Bleiksoya Island Norway
Norway

Un triangle de roche sombre posé sur la mer, coiffé d'un nuage tournoyant qui n'est pas un nuage : ce sont des oiseaux. Bleiksøya se dresse au large de Bleik, village de pêcheurs de l'île d'Andøya, dans le nord des Vesterålen. Cet écueil inhabité abrite l'une des colonies de macareux les plus célèbres de Norvège, environ 80 000 couples qui reviennent chaque printemps creuser leurs terriers dans les pentes herbeuses. Les navires qui longent cette côte offrent à leurs passagers un spectacle que peu d'endroits au monde peuvent égaler.
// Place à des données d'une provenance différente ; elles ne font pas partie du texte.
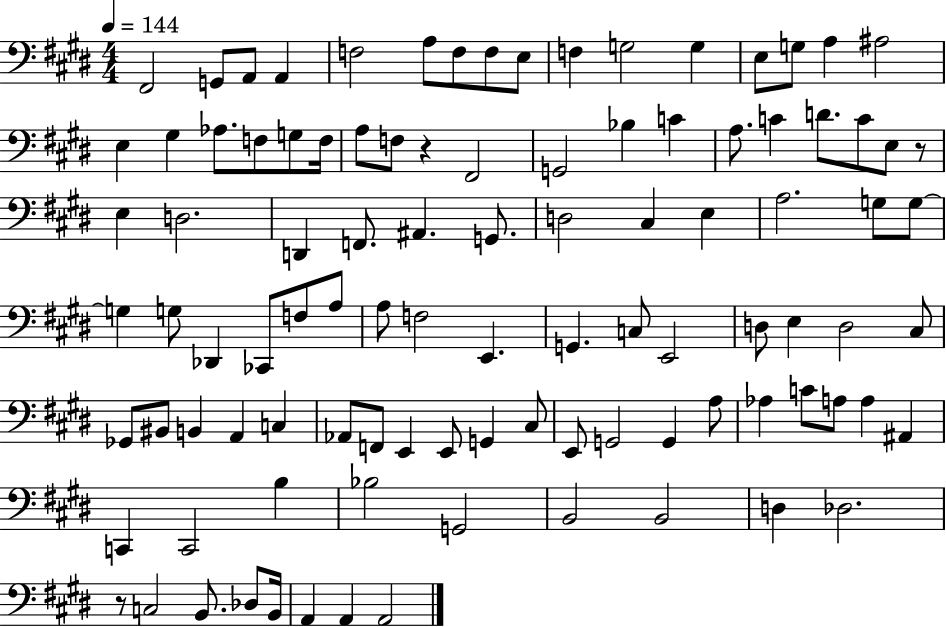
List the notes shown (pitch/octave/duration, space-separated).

F#2/h G2/e A2/e A2/q F3/h A3/e F3/e F3/e E3/e F3/q G3/h G3/q E3/e G3/e A3/q A#3/h E3/q G#3/q Ab3/e. F3/e G3/e F3/s A3/e F3/e R/q F#2/h G2/h Bb3/q C4/q A3/e. C4/q D4/e. C4/e E3/e R/e E3/q D3/h. D2/q F2/e. A#2/q. G2/e. D3/h C#3/q E3/q A3/h. G3/e G3/e G3/q G3/e Db2/q CES2/e F3/e A3/e A3/e F3/h E2/q. G2/q. C3/e E2/h D3/e E3/q D3/h C#3/e Gb2/e BIS2/e B2/q A2/q C3/q Ab2/e F2/e E2/q E2/e G2/q C#3/e E2/e G2/h G2/q A3/e Ab3/q C4/e A3/e A3/q A#2/q C2/q C2/h B3/q Bb3/h G2/h B2/h B2/h D3/q Db3/h. R/e C3/h B2/e. Db3/e B2/s A2/q A2/q A2/h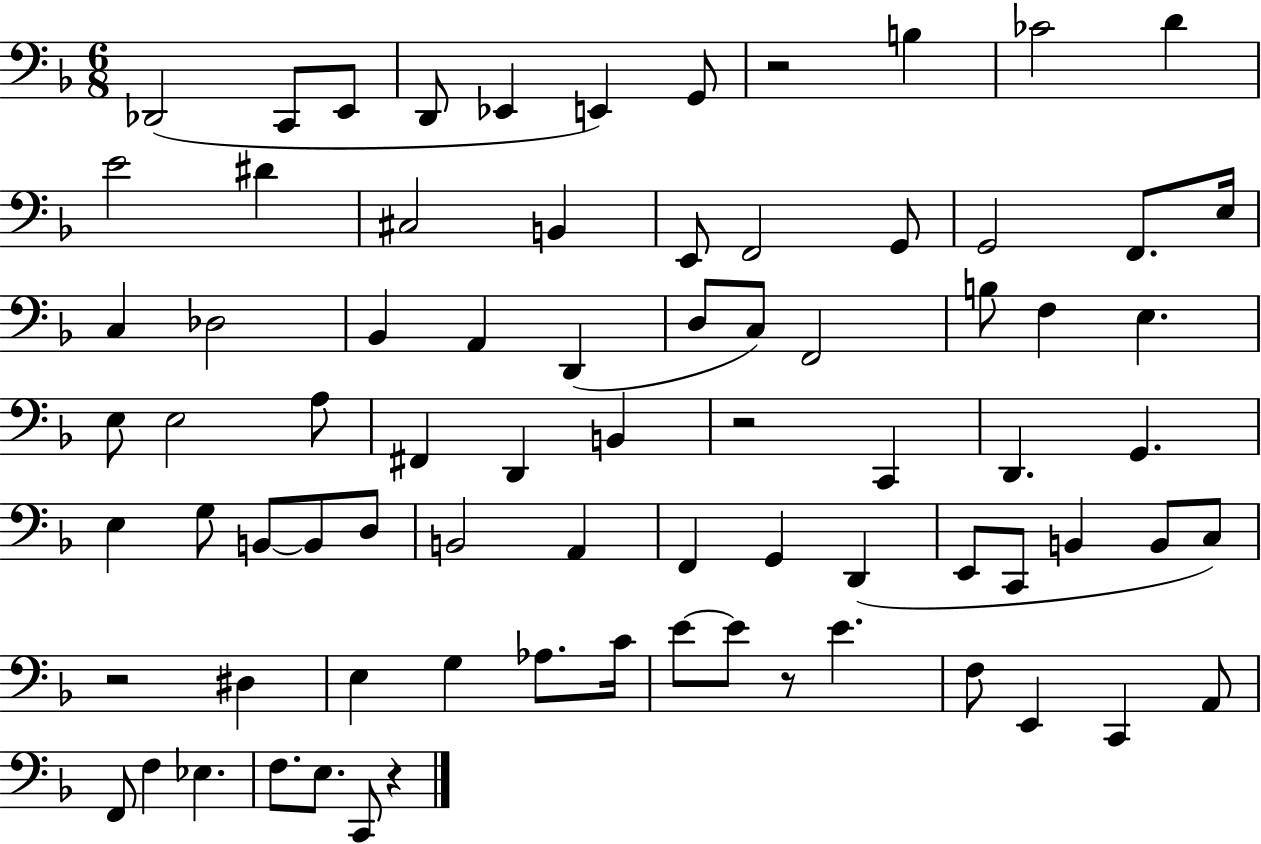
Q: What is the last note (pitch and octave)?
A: C2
Un sanctuaire interdit aux humains

Le débarquement y est interdit, et c'est tant mieux : la tranquillité des oiseaux passe avant tout. On observe donc la colonie depuis l'eau, soit au passage du navire, soit lors des safaris organisés au départ de la marina de Bleik. Une embarcation traditionnelle y conduit de petits groupes en une dizaine de minutes, et la sortie complète dure environ une heure et demie. À l'approche de la colonie, la mer se couvre de macareux : ils flottent par centaines autour de la coque, plongent, ressurgissent, décollent dans un battement d'ailes précipité qui arrache des sourires à tous les passagers.

Le peuple des falaises

Le macareux moine règne sur les lieux, mais il partage son royaume. Guillemots et cormorans nichent sur les corniches, et les pygargues à queue blanche, les plus grands rapaces d'Europe du Nord, patrouillent en permanence autour de la colonie. Leur manège est saisissant : dès qu'une de ces ombres immenses plane au-dessus des pentes, des dizaines de milliers d'oiseaux s'élèvent d'un coup, tourbillon noir et blanc qui enveloppe le rocher avant de se reposer par vagues. Voir un aigle fondre sur la colonie compte parmi les grands moments d'une sortie à Bleiksøya.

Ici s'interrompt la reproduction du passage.